FX has asked critics not to discuss anything that happens after the fourth episode, which may perhaps give some of you the impression that the fifth episode involves Carmy and Sydney being zapped back to prehistoric times with only their kitchen knives to fend off dinosaurs. I can neither confirm nor deny this, but what I can say is that the later part of the season features moments that made me laugh, ones that made me want to turn off the TV and never call anyone “Chef” ever again, ones that thrilled me, and even a few that just plain made me weep. As before, every emotion the show conjures is a palpable, potent one, so that the lighter scenes create the illusion that you’re standing right next to the characters, while the heavier ones make you experience the pain right along with them.

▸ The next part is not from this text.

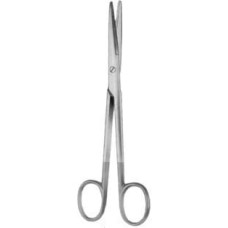 Lexer Dissecting Scissors Straight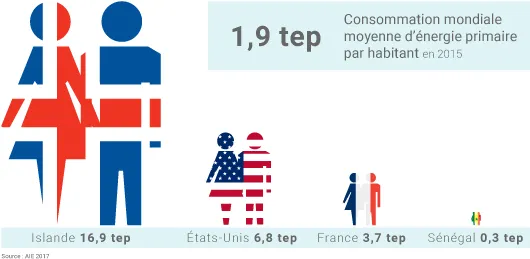 Consommation d'énergie primaire par habitant en 2015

It remains a magnificent achievement. The ever-so-slight shift in tone most of the time doesn’t change that — especially since The Bear can still make scenes and episodes so nerve-racking, you will question every life choice that led you to watching it. At an Al-Anon meeting, Carmy tells the group, “I have to remind myself to breathe sometimes.” His audience will have to do the same at different points in Season Two. Just not as often as a year ago.

The entire second season of The Bear begins streaming June 22 on Hulu. I’ve seen all 10 episodes.